2. Review of classical digital logic gates. Introduction to reversible logic. Ancilla. Logic optimization with and without fanout.
3. Quantum superposition, entanglement, and measurement. Notations and models including the Bloch sphere, unitary matrix formulations, and wave models. Probability amplitude. The quantum circuit model and quantum gates.
4. Quantum circuits and algorithms, the use of interference. Quantum superiority and RCS (Random Circuit Sampling). Algorithms including Deutsch-Jozsa, Grover's search, Simon's problem, QFT (Quantum Fourier Transform), and Shor's factoring algorithm.
5. Quantum annealing.
6. NISQ (Noisy Intermediate Scale Quantum) computer implementations. Superconducting, trapped ion, photonics, spins, etc. Qubit implementations. Qubit layout and operation scheduling issues. Error correction.
7. Quantum-inspired methods. Randomized and probabilistic algorithms. Alternative representations for entangled superpositions: PBP (Parallel Bit Pattern computing, developed here at UK).
8. The architecture of a computer system with an attached quantum coprocessor. Quantum programming above the Qubit level.
9. Where is quantum going? Cryptography, machine learning, networking and teleportation. Scaling.

The main goals are that students will be able to:

• Create and optimize circuit designs using adiabatic logic and quantum gates.
• Explain the basic features of quantum computation and their significance, including superposition, entanglement, measurement, and interference.
• Explain how quantum computing can be used to augment classic computers as attached processors, and what quantum computers cannot do by themselves (including the implications of decoherence and errors).
• Explain how various quantum algorithms could outperform classic algorithms -- and why quantum superiority has been so elusive.
• Give examples of how quantum computing concepts can be leveraged for quantum-inspired computing using conventional logic circuitry.
• Explain why quantum computing is considered an important technology for the future and give examples of how it is most likely to be applied.
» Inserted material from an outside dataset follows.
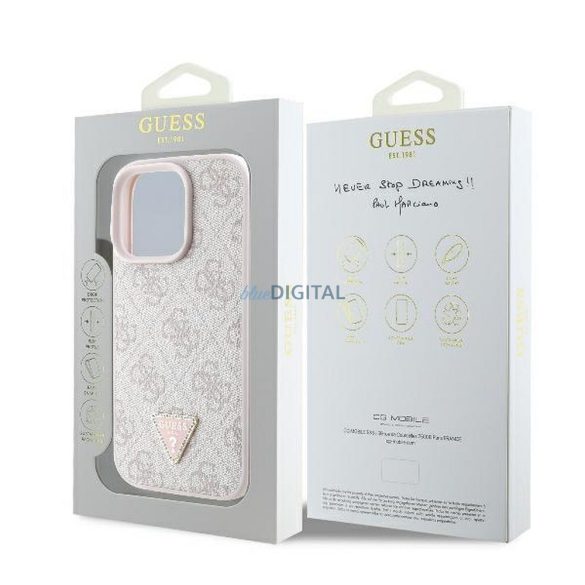 Guess GUHCP16LP4TDPP PU Leather 4G Triangle Strass tok iPhone 16 Pro - rózsaszín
Grading will be based on several homeworks/projects (total 50%) plus in-person midterm exam (20%) and final (30%). The projects will be using simulation tools that will be explained in the lectures throughout the course; currently, the most likely tools to use would be Verilog and Python+Qiskit. Students taking the course for graduate credit (including all registered for EE699-010) will have somewhat larger projects than undergrads.

Course Staff

Professor Hank Dietz would normally be in the Davis Marksbury Building; see his home page for complete contact info. Regular office hour times are listed there. He has an "open-door" policy that whenever his door is open and he's not busy with someone else, he's available -- and yup, there really is a slow-update live camera in his office so you can check. The best method to contact him is to email hankd@engr.uky.edu using "QC" in the subject line for anything related to this course. If appropriate, individual Zoom meetings also can be scheduled via email.

About The Instructor

Professor Dietz is the James F. Hardymon Chair in Networking and the Director of Undergraduate Studies for Computer Engineering. He has been working and publishing in the quantum and quantum-inspired computing field since 2017. Relative to quantum computing, he likes to describe himself as "an A+ in the computing aspects and a C- in the physics" -- the opposite emphasis compared to most people in the field. Dietz has a long history in parallel supercomputing, and his research group built the world's first Linux PC cluster supercomputer in 1994. Unfortunately, that technology has led to the proliferation of huge supercomputers that consume embarrassing amounts of power. Thus, his interest in quantum computing is primarily driven by a desire to dramatically reduce power consumed per unit of computation. Dietz has built several compilers targeting quantum computers, as well as multiple quantum computation simulators for them to target, and has been developing a new quantum-inspired computing model called PBP (Parallel Bit Pattern) computing.